RECORDED DATA:
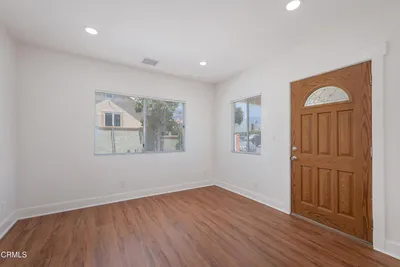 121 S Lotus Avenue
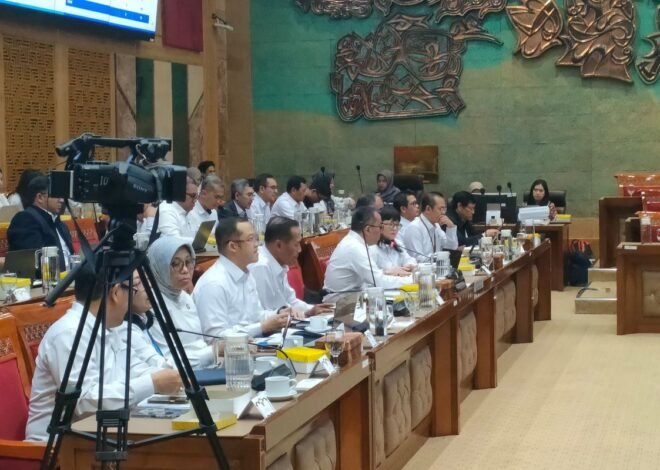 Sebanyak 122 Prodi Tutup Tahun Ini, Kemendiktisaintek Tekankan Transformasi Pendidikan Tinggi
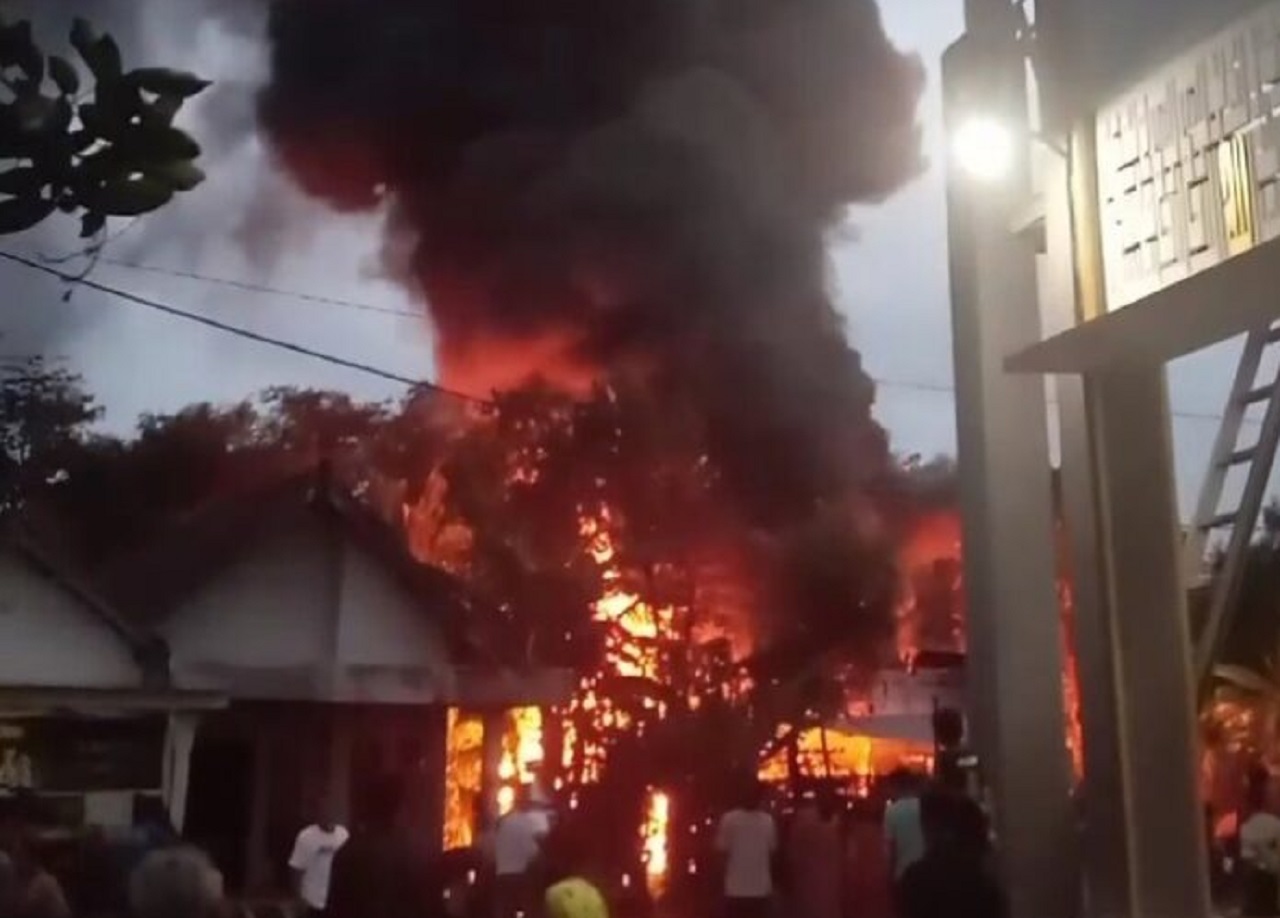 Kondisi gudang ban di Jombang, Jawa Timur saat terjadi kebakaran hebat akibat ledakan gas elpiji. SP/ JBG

WORK INSTRUCTION: Copy out all of the data word for word. Do not carry over any picture.

YOUR RESPONSE:
 121 S Lotus Avenue
 Sebanyak 122 Prodi Tutup Tahun Ini, Kemendiktisaintek Tekankan Transformasi Pendidikan Tinggi
 Kondisi gudang ban di Jombang, Jawa Timur saat terjadi kebakaran hebat akibat ledakan gas elpiji. SP/ JBG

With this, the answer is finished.